» What to produce
Your job is to give again, exactly and with no additions, the lines in the records below from the one with "Elegant Wide Brim" through the one with "Women's 2023 Clothes", both included. Omit the pictures.

"""

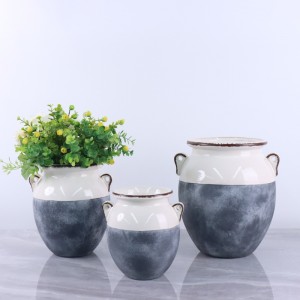 Artisanat traditionnel et esthétique moderne Décoration d'intérieur Pot en céramique avec oreilles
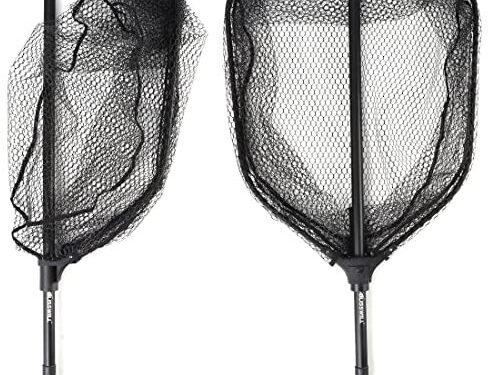 BLISSWILL Large Fishing Net Collapsible Fish Landing Net with Extendable Handle Knotless Nylon Fishing Net Safe Fish Net Durable Telescopic Dip Net for Fishing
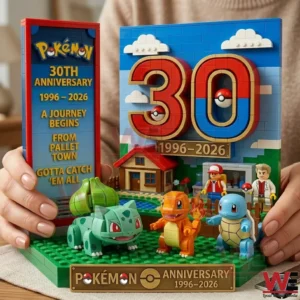 Hands holding a brick built Pokemon anniversary diorama with starter characters!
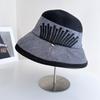 Elegant Wide Brim Cotton Linen Bucket Hat for Women Summer Sun Hat Foldable UV Protection Beach Hat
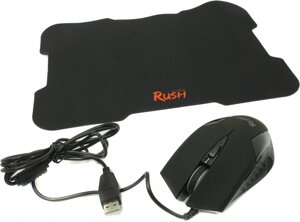 Мышь Smartbuy RUSH 726 черная, игровая проводная + коврик (SBM-726G-K)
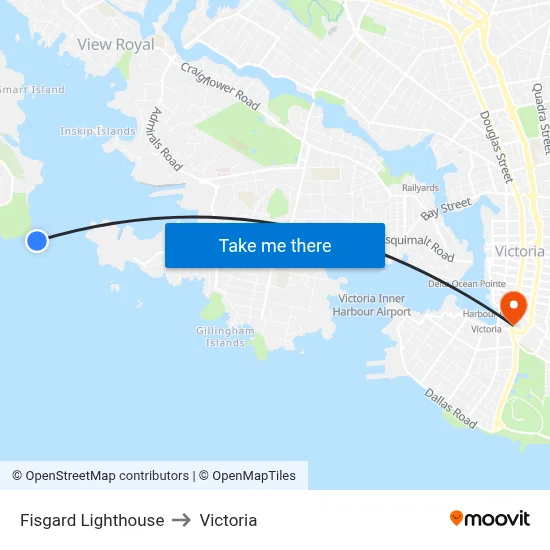 Fisgard Lighthouse to Victoria map
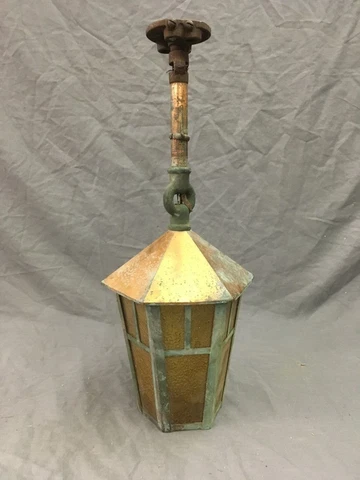 Vtg Copper Porch Ceiling Light Lantern Amber Stained Glass Panels Old 59-18E Cover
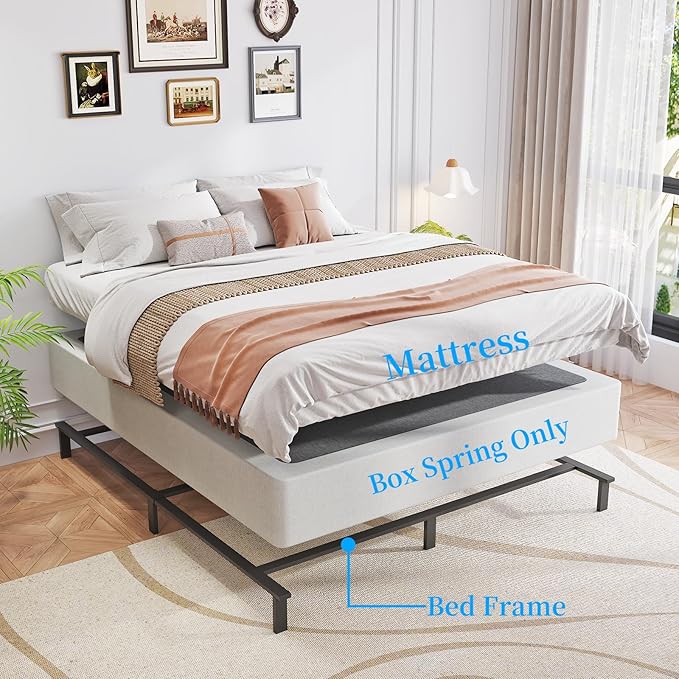 King Box Spring, 9 Inch Metal King Size Box Spring Only, Heavy Duty Metal Frame Mattress Foundation Support for 3000lbs, Easy Assembly, Noise Free, Non Slip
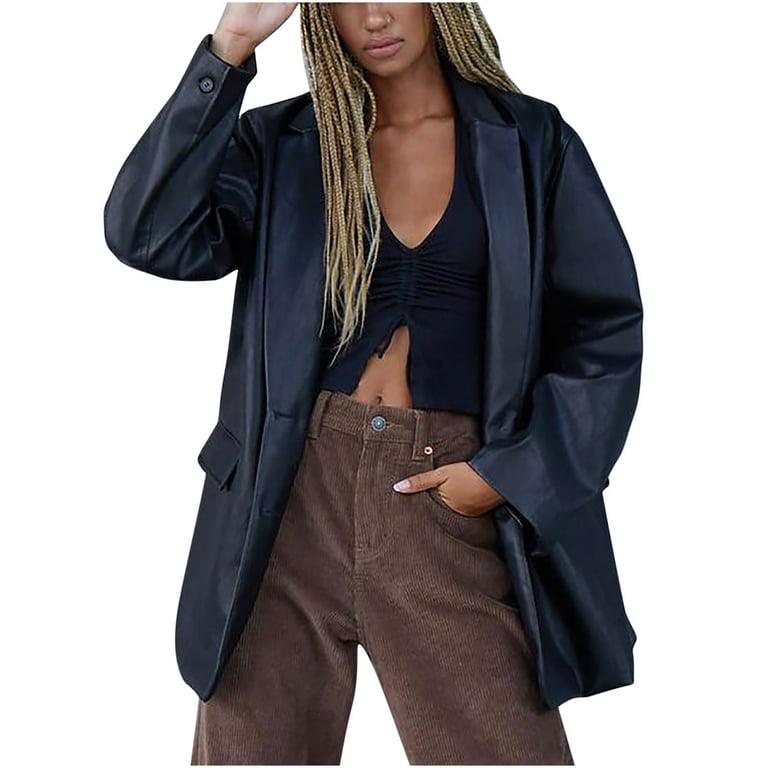 Women's 2023 Clothes Outerwears Fall Fashion Winter Long Coat Open Front  Lapel Blazer Plus Size Hooded Sweatshirt Solid Color Faux Leather Jacket  Black M 
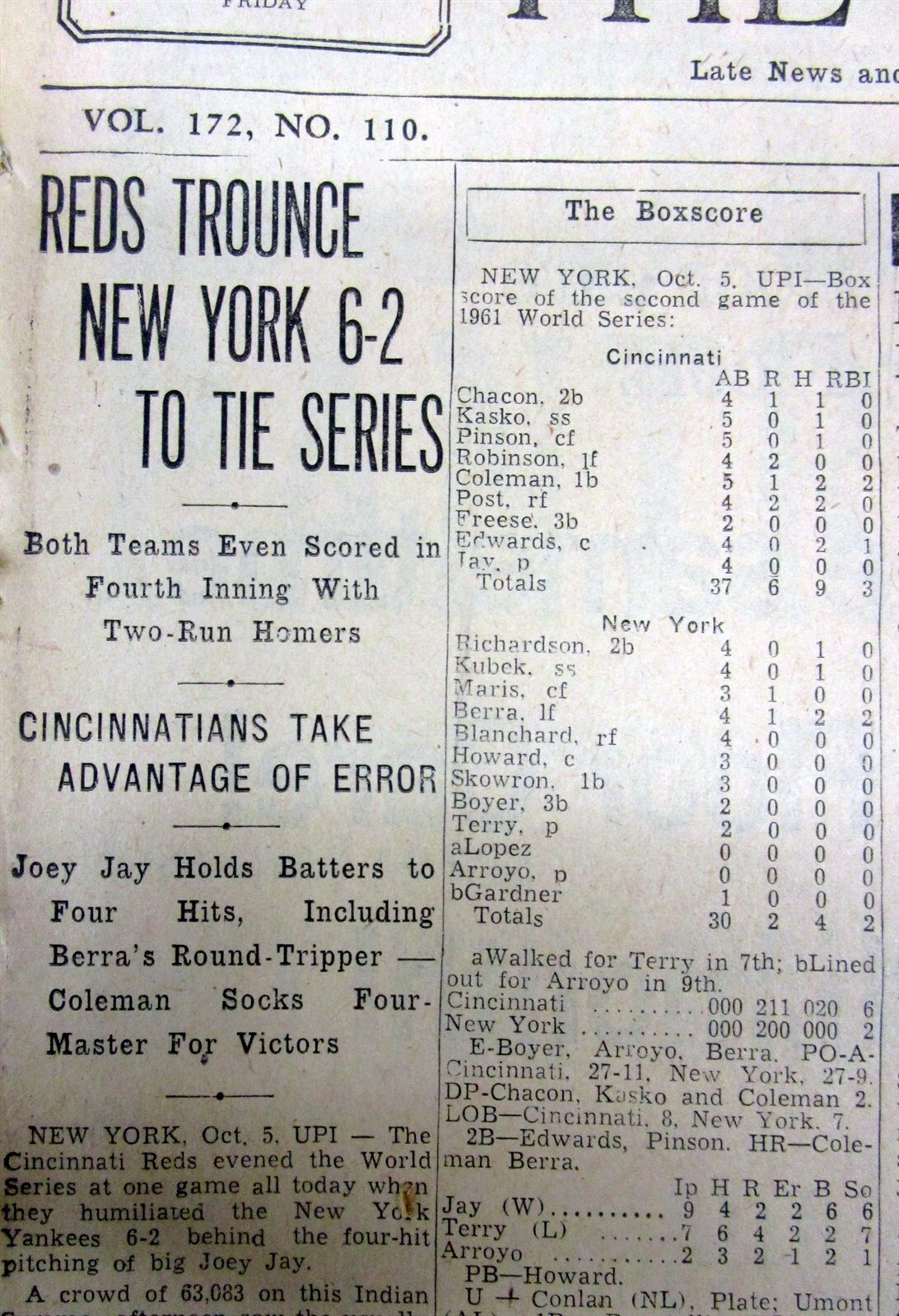 7 1961 newspapers NEW YORK YANKEES WIN baseball WORLD SERIES vs Cincinnati Reds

"""

» Response area
 Elegant Wide Brim Cotton Linen Bucket Hat for Women Summer Sun Hat Foldable UV Protection Beach Hat
 Мышь Smartbuy RUSH 726 черная, игровая проводная + коврик (SBM-726G-K)
 Fisgard Lighthouse to Victoria map
 Vtg Copper Porch Ceiling Light Lantern Amber Stained Glass Panels Old 59-18E Cover
 King Box Spring, 9 Inch Metal King Size Box Spring Only, Heavy Duty Metal Frame Mattress Foundation Support for 3000lbs, Easy Assembly, Noise Free, Non Slip
 Women's 2023 Clothes Outerwears Fall Fashion Winter Long Coat Open Front  Lapel Blazer Plus Size Hooded Sweatshirt Solid Color Faux Leather Jacket  Black M 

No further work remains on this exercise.